LISTED ENTRIES:
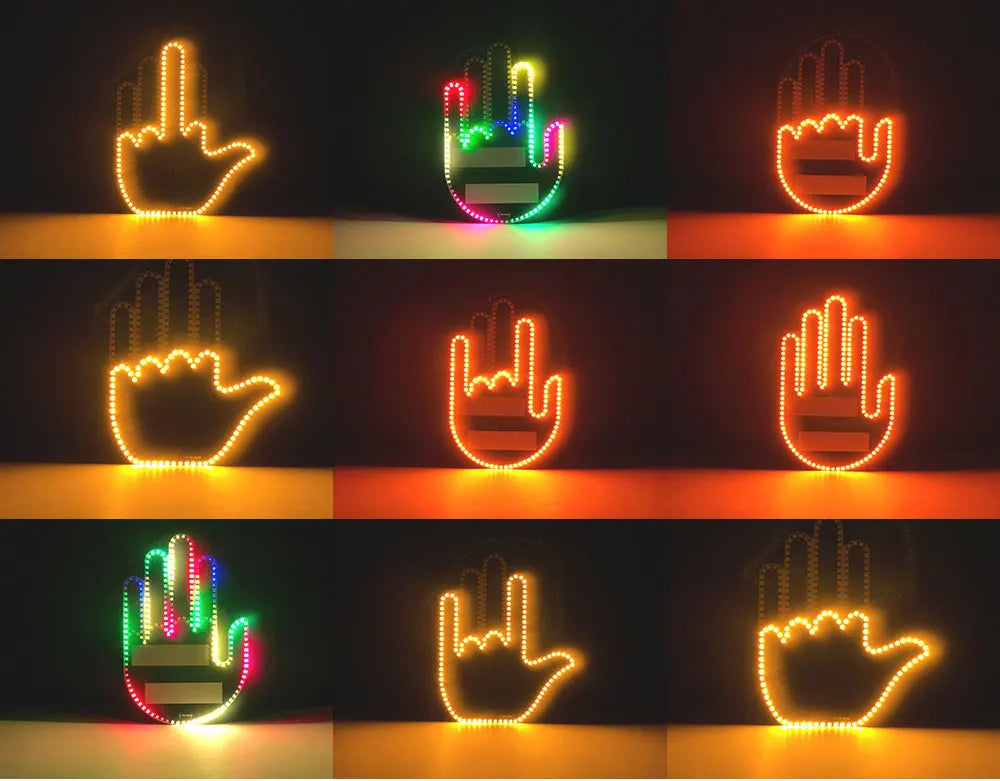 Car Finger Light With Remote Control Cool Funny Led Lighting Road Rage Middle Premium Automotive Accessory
* * *
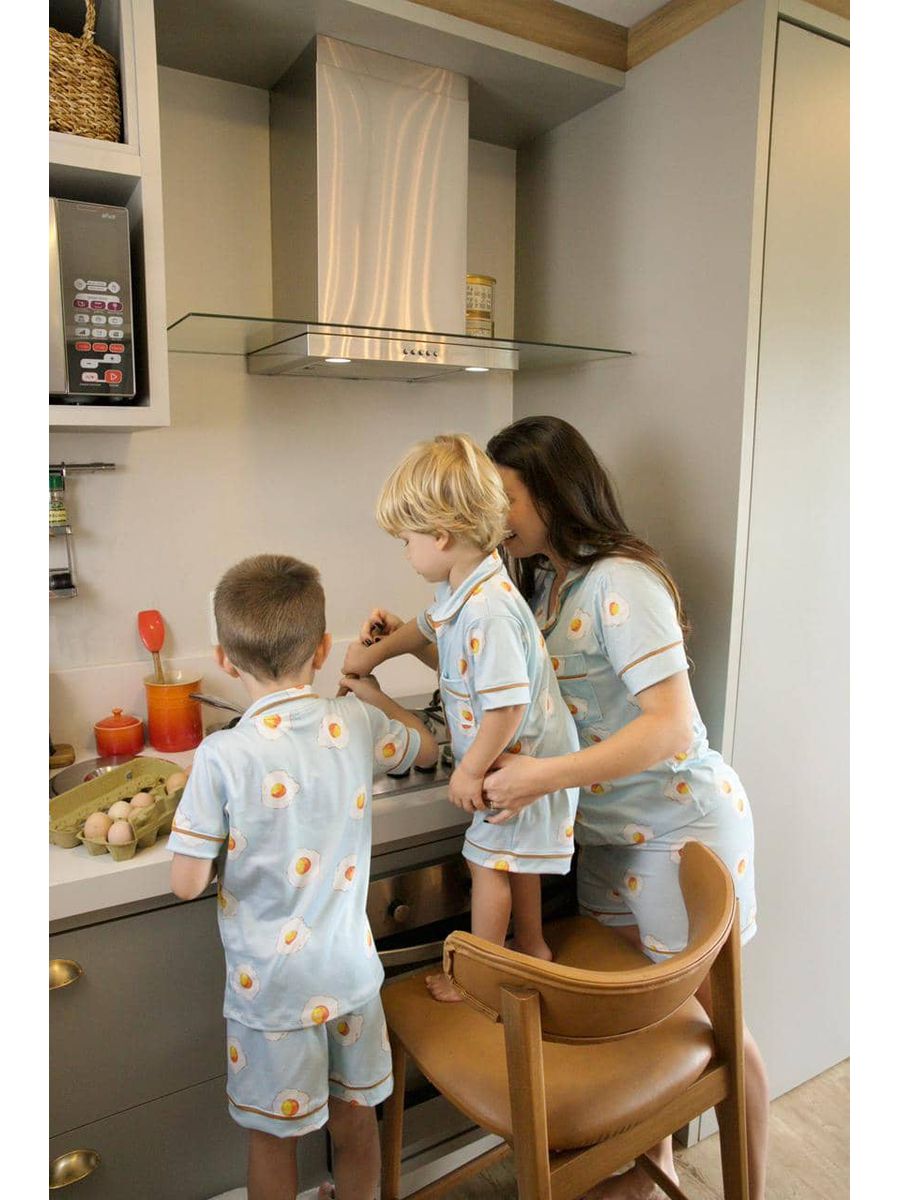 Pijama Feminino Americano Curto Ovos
==
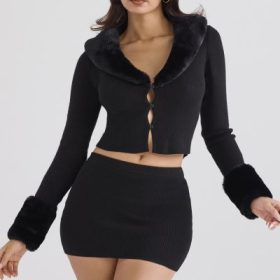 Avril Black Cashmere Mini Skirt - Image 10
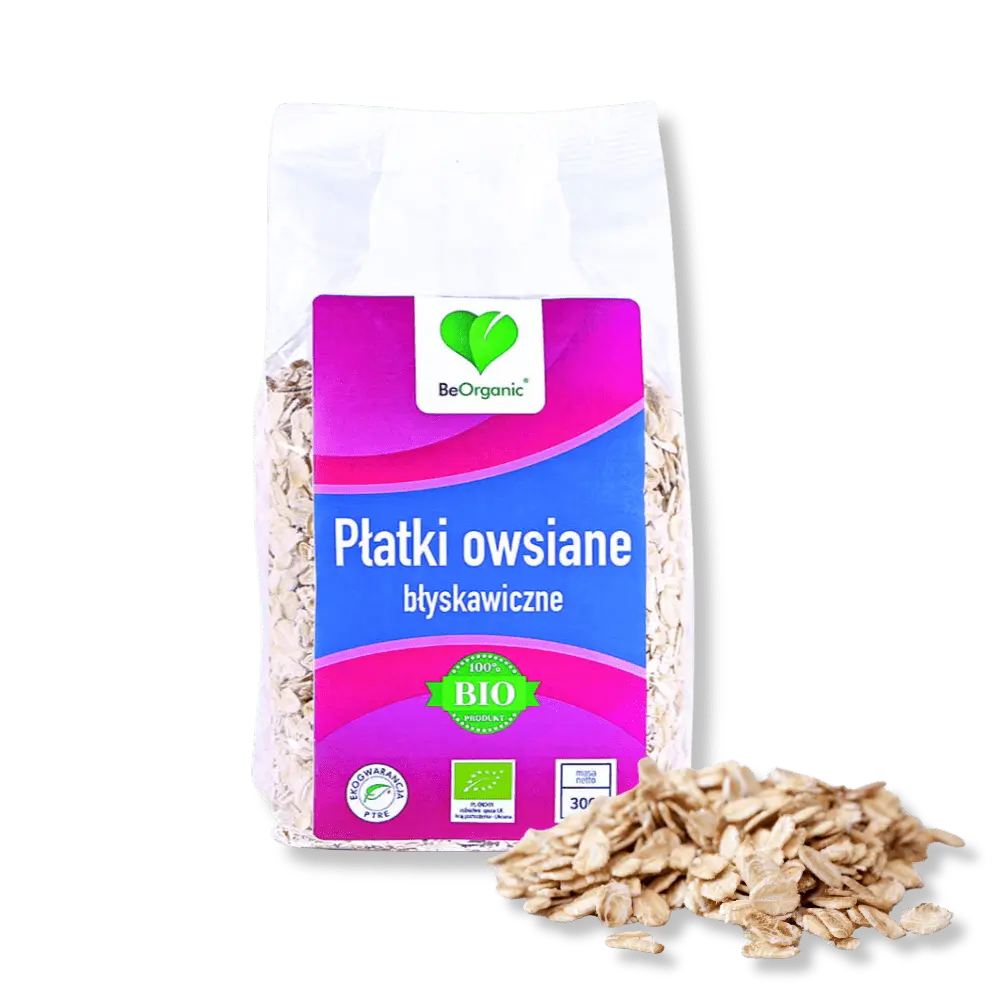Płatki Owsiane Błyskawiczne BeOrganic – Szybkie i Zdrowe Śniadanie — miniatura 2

TASK PROMPT: Take the material above from the line containing "Avril Black Cashmere Mini Skirt - Image 10" up to and including the line containing "Płatki Owsiane Błyskawiczne" and retype it exactly, without any pictures.

TASK OUTPUT:
 Avril Black Cashmere Mini Skirt - Image 10
Płatki Owsiane Błyskawiczne BeOrganic – Szybkie i Zdrowe Śniadanie — miniatura 2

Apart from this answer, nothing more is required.